An Aussie Wedding

When we first moved to Australia, we were immediately adopted my mother's long time Australian friend and therefore her family.  They took me in for a couple months when I first arrived and helped me get used to driving on the other side of the road, the Aussie accent, and various other intricacies of learning to live in another country.  Since then they have included us in family events and Christmas lunch every year, and we have come to consider them our Aussie family.  Growing up, my extended family would always end up adopting in-laws, exchange students, and various distant relatives to the point where they became the family that I always considered part of certain holiday traditions.  Being on the other side of the fence now, I really appreciate how nice it is to be included in such an extended family. 
The matriarch and patriarch of our Aussie family
Last weekend the youngest from our Aussie family got married and we were honored to be there to celebrate with them.  It was cute to see how giddy and excited the bride and groom were, but it was also really interesting to see how Aussie weddings differ from American weddings.   

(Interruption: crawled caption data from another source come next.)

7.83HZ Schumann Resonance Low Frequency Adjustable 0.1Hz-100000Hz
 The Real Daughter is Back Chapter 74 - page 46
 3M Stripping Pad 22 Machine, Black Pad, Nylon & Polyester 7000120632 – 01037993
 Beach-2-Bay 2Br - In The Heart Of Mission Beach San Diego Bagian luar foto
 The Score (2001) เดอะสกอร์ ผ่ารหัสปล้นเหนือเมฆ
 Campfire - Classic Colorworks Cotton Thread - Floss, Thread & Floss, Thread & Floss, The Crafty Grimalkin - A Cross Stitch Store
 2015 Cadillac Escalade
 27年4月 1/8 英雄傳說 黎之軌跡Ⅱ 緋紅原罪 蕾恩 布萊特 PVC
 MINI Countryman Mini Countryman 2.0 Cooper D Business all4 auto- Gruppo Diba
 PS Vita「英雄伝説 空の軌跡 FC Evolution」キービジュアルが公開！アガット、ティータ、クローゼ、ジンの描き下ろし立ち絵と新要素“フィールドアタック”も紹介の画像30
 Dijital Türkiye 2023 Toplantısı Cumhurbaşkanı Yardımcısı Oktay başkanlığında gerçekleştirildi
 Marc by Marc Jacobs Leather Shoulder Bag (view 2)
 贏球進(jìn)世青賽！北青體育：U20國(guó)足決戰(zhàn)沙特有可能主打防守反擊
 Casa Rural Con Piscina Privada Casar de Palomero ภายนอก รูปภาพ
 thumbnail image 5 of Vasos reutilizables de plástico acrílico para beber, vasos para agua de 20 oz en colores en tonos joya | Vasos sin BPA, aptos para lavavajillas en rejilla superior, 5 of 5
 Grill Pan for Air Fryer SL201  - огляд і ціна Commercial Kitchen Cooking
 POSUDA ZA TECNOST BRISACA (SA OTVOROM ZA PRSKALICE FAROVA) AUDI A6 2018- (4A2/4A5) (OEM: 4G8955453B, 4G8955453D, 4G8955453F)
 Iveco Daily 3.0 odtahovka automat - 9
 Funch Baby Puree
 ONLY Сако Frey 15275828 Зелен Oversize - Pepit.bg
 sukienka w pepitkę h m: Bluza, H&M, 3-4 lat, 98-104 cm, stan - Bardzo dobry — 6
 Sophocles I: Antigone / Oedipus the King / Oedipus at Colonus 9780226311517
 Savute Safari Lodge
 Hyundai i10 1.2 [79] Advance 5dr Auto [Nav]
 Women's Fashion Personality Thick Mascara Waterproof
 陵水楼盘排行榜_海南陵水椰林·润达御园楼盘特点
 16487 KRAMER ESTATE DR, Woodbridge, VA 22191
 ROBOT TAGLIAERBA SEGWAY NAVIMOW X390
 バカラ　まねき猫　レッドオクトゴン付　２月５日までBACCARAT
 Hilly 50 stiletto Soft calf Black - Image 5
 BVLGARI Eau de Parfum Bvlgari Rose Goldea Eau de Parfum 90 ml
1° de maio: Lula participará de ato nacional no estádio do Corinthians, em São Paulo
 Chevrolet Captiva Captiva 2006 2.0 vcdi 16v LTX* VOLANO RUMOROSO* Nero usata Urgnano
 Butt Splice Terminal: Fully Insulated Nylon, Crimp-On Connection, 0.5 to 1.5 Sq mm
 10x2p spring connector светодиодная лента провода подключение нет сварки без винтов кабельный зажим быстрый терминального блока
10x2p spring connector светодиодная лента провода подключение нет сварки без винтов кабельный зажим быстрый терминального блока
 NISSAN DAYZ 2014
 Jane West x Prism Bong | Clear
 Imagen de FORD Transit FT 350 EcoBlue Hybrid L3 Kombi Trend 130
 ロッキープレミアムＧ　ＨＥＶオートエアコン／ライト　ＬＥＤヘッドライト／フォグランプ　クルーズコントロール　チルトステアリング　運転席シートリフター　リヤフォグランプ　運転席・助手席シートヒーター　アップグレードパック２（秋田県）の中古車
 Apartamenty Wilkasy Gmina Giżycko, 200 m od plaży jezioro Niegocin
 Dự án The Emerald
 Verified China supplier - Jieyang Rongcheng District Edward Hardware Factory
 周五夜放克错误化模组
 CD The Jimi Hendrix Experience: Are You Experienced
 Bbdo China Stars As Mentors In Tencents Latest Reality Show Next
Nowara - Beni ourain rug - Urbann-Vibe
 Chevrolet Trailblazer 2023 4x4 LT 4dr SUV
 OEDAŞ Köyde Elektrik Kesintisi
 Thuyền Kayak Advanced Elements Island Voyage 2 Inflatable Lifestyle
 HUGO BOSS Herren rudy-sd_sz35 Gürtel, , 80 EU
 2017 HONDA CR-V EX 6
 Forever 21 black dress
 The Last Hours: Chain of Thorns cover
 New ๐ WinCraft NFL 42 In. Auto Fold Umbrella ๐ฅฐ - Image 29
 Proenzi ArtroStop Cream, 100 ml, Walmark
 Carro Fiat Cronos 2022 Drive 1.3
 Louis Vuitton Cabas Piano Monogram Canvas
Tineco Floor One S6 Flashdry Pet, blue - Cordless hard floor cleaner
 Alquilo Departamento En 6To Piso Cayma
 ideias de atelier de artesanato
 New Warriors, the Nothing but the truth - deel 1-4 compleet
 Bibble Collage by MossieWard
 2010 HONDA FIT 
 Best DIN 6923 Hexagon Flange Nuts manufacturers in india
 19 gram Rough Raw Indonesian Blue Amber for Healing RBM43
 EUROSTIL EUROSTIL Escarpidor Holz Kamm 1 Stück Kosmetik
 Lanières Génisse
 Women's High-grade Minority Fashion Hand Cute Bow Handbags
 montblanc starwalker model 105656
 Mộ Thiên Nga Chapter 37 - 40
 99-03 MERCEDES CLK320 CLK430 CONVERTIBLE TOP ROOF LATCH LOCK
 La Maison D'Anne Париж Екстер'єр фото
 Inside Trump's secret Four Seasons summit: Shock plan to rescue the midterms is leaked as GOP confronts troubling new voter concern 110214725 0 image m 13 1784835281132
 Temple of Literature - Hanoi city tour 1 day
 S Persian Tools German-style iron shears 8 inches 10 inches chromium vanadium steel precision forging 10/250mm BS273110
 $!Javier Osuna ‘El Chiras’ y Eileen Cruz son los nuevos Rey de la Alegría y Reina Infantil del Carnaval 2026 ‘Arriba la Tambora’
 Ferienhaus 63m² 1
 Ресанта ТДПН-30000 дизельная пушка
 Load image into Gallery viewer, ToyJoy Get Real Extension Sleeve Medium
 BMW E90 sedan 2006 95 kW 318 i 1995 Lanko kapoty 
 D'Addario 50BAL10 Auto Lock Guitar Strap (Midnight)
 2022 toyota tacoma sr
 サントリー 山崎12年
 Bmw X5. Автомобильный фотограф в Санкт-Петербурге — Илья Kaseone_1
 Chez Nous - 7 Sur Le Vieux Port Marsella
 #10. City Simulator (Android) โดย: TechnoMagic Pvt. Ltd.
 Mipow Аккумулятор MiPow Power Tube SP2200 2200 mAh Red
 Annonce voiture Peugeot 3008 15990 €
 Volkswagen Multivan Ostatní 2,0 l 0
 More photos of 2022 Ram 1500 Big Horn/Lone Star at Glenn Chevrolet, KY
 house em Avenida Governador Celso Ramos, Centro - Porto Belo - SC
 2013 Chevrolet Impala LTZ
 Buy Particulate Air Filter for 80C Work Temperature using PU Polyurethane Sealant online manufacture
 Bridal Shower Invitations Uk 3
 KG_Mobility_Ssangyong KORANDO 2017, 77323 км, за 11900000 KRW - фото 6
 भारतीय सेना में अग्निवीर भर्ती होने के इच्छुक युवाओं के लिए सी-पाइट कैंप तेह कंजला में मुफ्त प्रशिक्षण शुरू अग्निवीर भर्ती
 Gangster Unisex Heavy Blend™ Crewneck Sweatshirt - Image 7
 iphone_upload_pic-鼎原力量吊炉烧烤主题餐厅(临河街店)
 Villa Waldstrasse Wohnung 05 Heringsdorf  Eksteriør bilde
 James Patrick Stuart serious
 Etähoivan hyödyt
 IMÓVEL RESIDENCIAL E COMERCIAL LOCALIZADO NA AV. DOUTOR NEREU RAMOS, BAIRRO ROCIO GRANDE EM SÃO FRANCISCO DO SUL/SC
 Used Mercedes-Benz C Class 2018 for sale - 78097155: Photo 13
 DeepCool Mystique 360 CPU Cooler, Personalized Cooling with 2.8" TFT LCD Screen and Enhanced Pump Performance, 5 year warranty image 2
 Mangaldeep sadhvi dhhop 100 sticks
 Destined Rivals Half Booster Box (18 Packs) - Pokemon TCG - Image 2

To start, I brought their present over a couple weeks early.  In the US, it's considered proper etiquette to send a gift purchased from the gift registry in advance so the couple doesn't have to deal with the logistics of how to get them home on an already crazy day.  When I handed them the present, they said, "But we thought you were going to the wedding?"  Three times three different family members said this, and then it dawned on me that things might be a bit different here.  I explained how it was different in the States and we were all a bit confused. 

The ceremony was held in a beautiful park near the Melbourne CBD.  The celebrant announced that the wedding was about to get under way and introduced the paige boys.  Well that was a term we hadn't heard before - apparently that's what they call ring bearers here.   

The paige boys (nephews)
 The rest of the ceremony was basically what we were used to, with the father walking the bride down the aisle, the vows, and the signing the marriage certificate. 
The father and the beautiful bride
The wedding ceremony with the city as the backdrop
The happy newlyweds
The reception was held in the Docklands, a newer area in Melbourne overlooking the bay.  Before the bridal party arrived, two friends introduced themselves as the MCs for the evening.  Usually in Australia the couple asks good friends to serve as speakers for the evening, where as we were used to the DJ doing this.  The first dances and cutting the cake were the same, but the bride and groom played a fun game where they sat back to back and took turns raising a shoe based on answers to cheeky questions.  I also really enjoyed the photo booth, this is something done on both sides of the pond now but back in my day we put disposable cameras on the tables to capture goofy guest pictures.  I was also interested to see if people brought presents to the reception, but was confused to realize that I didn't see presents anywhere.  Was that not done here?  It took me towards the end of the night until I spotted a suitcase filled with cards.  Apparently here it's normal to have what's called a wishing well where people give cards/money to the couple instead of presents. 
Picture time
Cheers little ears!
Photo booth fun
It was fun not only to share in such a memorable day for them, but also to experience the cultural variances in such a tradition.  It was quite unexpected considering the cultures are, at first glance, rather similar.